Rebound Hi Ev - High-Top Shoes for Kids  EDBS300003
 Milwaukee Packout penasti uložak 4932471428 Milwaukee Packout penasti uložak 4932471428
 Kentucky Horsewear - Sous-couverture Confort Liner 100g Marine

...

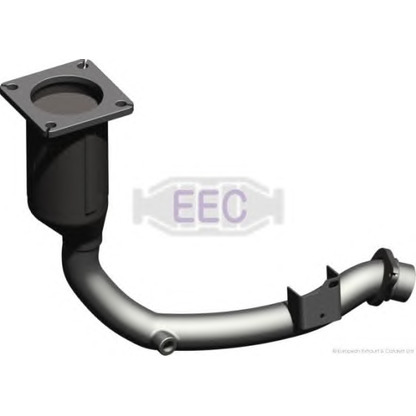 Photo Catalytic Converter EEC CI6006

* * *

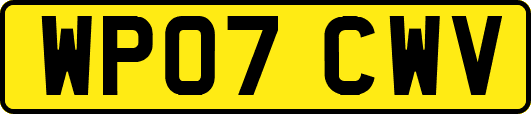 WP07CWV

→ **Exercise objective**:
Output exactly one stretch of the listing: from the line containing "Rebound Hi Ev" through the line containing "Kentucky Horsewear - Sous-couverture", both end lines included.

→ **Result**:
Rebound Hi Ev - High-Top Shoes for Kids  EDBS300003
 Milwaukee Packout penasti uložak 4932471428 Milwaukee Packout penasti uložak 4932471428
 Kentucky Horsewear - Sous-couverture Confort Liner 100g Marine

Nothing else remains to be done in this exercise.